(Instructions for the task): Among the entries that follow, some lines contain the word "Death". Show all of them.
################
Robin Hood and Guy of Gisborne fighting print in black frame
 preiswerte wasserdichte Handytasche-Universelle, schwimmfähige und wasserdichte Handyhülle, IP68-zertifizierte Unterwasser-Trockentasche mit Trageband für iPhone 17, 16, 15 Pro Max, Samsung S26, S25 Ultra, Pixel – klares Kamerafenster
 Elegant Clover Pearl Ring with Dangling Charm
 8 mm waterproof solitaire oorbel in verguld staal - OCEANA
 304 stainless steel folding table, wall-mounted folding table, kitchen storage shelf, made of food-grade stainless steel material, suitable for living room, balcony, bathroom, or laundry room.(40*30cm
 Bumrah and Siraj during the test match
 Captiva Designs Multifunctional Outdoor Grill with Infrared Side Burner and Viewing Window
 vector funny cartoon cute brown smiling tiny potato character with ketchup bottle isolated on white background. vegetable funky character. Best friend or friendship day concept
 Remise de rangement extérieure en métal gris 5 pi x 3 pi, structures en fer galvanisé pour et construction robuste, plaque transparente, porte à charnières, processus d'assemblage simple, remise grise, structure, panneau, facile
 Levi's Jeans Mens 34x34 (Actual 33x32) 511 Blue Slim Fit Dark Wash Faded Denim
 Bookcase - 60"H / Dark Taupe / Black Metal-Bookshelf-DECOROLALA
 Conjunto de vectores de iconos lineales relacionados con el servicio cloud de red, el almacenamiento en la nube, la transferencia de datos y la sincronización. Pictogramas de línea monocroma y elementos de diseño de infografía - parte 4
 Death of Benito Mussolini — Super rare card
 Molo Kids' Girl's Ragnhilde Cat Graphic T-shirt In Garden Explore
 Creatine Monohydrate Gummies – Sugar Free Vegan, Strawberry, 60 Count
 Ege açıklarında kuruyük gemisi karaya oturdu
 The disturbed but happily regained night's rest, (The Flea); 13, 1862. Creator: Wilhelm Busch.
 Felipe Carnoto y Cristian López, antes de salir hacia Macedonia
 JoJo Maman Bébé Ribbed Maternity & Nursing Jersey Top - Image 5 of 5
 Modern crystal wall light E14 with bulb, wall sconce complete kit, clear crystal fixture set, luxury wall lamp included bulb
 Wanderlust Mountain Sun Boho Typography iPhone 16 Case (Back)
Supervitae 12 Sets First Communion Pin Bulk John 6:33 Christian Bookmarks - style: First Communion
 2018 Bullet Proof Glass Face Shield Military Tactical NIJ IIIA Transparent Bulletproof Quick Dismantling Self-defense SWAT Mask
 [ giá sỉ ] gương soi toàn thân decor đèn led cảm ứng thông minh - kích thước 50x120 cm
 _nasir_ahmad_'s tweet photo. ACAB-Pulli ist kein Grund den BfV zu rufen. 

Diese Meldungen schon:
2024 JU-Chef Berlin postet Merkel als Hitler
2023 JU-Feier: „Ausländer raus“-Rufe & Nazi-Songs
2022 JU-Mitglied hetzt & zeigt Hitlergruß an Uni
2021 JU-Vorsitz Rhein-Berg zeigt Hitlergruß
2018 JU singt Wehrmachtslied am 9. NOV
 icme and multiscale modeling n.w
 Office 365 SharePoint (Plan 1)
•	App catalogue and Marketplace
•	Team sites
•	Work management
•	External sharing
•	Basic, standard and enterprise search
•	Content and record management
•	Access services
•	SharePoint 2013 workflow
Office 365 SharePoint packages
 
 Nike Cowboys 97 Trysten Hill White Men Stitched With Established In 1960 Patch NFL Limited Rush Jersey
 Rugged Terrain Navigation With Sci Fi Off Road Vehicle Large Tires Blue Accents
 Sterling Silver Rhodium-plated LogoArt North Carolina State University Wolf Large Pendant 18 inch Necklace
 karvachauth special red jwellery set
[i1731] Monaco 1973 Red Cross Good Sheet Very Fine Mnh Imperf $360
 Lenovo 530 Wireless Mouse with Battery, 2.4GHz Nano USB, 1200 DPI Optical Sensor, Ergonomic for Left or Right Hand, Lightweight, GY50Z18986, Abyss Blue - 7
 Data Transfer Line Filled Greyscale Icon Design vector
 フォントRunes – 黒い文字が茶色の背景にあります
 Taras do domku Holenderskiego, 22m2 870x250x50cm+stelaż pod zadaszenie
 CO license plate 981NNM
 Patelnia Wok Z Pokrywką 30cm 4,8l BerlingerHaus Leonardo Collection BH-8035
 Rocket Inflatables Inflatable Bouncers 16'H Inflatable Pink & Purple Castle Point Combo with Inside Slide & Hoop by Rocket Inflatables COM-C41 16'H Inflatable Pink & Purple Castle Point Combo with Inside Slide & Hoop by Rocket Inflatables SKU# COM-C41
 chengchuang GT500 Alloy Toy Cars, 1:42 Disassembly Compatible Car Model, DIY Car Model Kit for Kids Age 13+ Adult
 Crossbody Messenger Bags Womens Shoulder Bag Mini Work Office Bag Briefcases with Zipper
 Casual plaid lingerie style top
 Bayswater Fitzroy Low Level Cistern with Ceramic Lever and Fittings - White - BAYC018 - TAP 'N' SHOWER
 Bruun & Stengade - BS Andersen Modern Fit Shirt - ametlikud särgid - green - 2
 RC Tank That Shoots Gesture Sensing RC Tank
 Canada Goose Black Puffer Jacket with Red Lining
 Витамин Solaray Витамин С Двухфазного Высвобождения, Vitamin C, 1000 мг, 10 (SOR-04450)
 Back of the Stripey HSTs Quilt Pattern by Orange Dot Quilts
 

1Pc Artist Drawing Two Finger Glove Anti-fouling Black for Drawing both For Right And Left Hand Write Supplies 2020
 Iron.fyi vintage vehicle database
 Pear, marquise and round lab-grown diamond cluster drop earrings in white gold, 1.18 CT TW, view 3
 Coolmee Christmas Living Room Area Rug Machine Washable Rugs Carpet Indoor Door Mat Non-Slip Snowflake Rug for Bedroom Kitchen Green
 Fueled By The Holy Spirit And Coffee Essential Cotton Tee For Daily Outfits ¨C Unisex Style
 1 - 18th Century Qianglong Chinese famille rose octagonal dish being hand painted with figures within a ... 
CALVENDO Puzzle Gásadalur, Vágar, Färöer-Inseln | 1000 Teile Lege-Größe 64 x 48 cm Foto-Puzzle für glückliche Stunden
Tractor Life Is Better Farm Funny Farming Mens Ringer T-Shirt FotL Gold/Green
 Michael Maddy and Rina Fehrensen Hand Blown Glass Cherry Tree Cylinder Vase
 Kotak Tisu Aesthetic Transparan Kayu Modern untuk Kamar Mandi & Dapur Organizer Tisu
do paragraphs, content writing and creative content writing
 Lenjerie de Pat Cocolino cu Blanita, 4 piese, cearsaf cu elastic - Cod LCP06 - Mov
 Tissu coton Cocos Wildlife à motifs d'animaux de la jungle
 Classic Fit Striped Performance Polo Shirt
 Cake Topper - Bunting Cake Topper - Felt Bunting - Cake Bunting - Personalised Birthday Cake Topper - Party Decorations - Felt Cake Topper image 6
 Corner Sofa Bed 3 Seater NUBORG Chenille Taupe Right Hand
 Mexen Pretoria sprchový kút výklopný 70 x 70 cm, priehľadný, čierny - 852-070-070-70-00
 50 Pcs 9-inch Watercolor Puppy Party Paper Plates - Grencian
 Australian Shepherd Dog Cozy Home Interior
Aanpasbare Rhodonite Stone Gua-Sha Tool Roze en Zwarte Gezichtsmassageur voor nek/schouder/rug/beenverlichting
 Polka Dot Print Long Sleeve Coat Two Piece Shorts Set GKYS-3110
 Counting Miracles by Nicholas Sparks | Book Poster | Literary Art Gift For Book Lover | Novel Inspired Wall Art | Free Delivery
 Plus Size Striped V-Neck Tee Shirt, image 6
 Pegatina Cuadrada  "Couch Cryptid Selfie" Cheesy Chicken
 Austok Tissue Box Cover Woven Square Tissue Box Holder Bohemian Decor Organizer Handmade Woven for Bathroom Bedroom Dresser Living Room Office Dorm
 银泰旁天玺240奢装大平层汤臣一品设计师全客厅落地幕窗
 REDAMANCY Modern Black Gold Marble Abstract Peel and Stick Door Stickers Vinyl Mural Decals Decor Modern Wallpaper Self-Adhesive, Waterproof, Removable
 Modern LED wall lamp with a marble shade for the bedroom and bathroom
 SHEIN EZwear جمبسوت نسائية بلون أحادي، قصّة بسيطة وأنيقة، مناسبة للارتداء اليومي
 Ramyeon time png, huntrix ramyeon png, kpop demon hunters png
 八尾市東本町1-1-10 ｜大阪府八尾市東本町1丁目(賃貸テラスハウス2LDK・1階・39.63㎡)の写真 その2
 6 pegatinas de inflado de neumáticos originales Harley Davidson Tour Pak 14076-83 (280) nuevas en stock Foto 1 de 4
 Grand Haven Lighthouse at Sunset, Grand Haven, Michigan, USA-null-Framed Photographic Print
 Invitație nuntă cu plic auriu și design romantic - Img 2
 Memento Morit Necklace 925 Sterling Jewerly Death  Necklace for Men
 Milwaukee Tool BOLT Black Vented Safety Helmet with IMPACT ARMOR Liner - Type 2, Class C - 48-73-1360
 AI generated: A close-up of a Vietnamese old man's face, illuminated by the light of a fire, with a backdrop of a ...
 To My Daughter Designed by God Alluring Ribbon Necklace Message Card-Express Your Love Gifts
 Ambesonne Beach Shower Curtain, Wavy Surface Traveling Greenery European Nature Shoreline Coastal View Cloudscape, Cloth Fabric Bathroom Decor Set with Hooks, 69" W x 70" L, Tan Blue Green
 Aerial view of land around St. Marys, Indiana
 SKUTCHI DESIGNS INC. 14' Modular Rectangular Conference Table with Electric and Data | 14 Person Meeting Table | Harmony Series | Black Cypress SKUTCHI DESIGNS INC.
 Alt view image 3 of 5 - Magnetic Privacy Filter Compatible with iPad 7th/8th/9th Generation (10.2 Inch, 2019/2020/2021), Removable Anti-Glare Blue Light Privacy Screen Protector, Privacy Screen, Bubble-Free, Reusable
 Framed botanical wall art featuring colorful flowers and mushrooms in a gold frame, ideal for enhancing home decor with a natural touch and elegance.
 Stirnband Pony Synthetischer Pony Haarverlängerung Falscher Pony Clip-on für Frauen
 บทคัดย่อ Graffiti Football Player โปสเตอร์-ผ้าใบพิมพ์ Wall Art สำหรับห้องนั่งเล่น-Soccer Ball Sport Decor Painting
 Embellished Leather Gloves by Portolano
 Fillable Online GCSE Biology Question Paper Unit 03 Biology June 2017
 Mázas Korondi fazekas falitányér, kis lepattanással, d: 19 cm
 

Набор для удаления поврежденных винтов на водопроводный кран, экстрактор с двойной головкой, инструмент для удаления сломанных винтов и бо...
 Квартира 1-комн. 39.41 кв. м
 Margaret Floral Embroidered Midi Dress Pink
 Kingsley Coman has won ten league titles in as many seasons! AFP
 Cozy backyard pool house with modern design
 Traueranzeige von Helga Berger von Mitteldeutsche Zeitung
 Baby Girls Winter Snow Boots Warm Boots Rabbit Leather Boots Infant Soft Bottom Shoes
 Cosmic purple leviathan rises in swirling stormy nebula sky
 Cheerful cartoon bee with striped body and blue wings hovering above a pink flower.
################
(Result for this task):
 Death of Benito Mussolini — Super rare card
 Memento Morit Necklace 925 Sterling Jewerly Death  Necklace for Men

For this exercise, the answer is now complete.